● Exercise data

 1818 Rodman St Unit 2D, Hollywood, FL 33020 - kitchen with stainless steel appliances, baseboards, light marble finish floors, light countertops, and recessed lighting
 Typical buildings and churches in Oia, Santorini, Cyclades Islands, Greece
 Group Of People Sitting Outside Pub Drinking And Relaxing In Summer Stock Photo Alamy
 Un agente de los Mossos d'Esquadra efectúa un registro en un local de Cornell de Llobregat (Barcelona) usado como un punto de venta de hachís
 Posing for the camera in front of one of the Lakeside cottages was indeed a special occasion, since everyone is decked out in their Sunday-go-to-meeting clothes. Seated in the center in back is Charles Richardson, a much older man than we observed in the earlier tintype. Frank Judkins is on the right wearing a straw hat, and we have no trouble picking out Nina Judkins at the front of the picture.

● Your instructions
Nothing but the lines from the one with "Typical buildings and" through the last line of the records above should be retyped, and those word for word.

● Reply to the task
 Typical buildings and churches in Oia, Santorini, Cyclades Islands, Greece
 Group Of People Sitting Outside Pub Drinking And Relaxing In Summer Stock Photo Alamy
 Un agente de los Mossos d'Esquadra efectúa un registro en un local de Cornell de Llobregat (Barcelona) usado como un punto de venta de hachís
 Posing for the camera in front of one of the Lakeside cottages was indeed a special occasion, since everyone is decked out in their Sunday-go-to-meeting clothes. Seated in the center in back is Charles Richardson, a much older man than we observed in the earlier tintype. Frank Judkins is on the right wearing a straw hat, and we have no trouble picking out Nina Judkins at the front of the picture.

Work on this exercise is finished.